I am currently working on processing .wav files with python, using Pyaudio for streaming the audio, and the python wave library for loading the file data.
I plan to later on include processing of the individual stereo channels, with regards to amplitude of the signal, and panning of the stereo signal, but for now i'm just trying to seperate the two channels of the wave file, and stitch them back together - Hopefully ending up with data that is identical to the input data.
Below is my code.
The method getRawSample works perfectly fine, and i can stream audio through that function.
The problem is my getSample method. Somewhere along the line, where i'm seperating the two channels of audio, and joining them back together, the audio gets distorted. I have even commented out the part where i do amplitude and panning adjustment, so in theory it's data in -> data out.
Below is an example of my code:
class Sample(threading.Thread) :
def __init__(self, filepath, chunk):
super(Sample, self).__init__()
self.CHUNK = chunk
self.filepath = filepath
self.wave = wave.open(self.filepath, 'rb')

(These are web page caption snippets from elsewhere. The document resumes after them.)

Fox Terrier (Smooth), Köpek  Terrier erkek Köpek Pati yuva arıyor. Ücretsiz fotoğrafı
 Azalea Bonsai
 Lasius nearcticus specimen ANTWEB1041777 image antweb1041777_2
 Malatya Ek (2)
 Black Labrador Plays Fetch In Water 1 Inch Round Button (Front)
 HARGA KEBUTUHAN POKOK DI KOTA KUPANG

self.amp = 0.5 # varies from 0 to 1
self.pan = 0 # varies from -pi to pi
self.WIDTH = self.wave.getsampwidth()
self.CHANNELS = self.wave.getnchannels()
self.RATE = self.wave.getframerate()
self.MAXFRAMEFEEDS = self.wave.getnframes()/self.CHUNK # maximum even number of chunks
self.unpstr = '<{0}h'.format(self.CHUNK*self.WIDTH) # format for unpacking the sample byte string
self.pckstr = '<{0}h'.format(self.CHUNK*self.WIDTH) # format for unpacking the sample byte string
self.framePos = 0 # keeps track of how many chunks of data fed
# panning and amplitude adjustment of input sample data
def panAmp(self, data, panVal, ampVal): # when panning, using constant power panning
[left, right] = self.getChannels(data)
#left = np.multiply(0.5, left) #(np.sqrt(2)/2)*(np.cos(panVal) + np.sin(panVal))
#right = np.multiply(0.5, right) # (np.sqrt(2)/2)*(np.cos(panVal) - np.sin(panVal))
outputList = self.combineChannels(left, right)
dataResult = struct.pack(self.pckstr, *outputList)
return dataResult
def getChannels(self, data):
dataPrepare = list(struct.unpack(self.unpstr, data))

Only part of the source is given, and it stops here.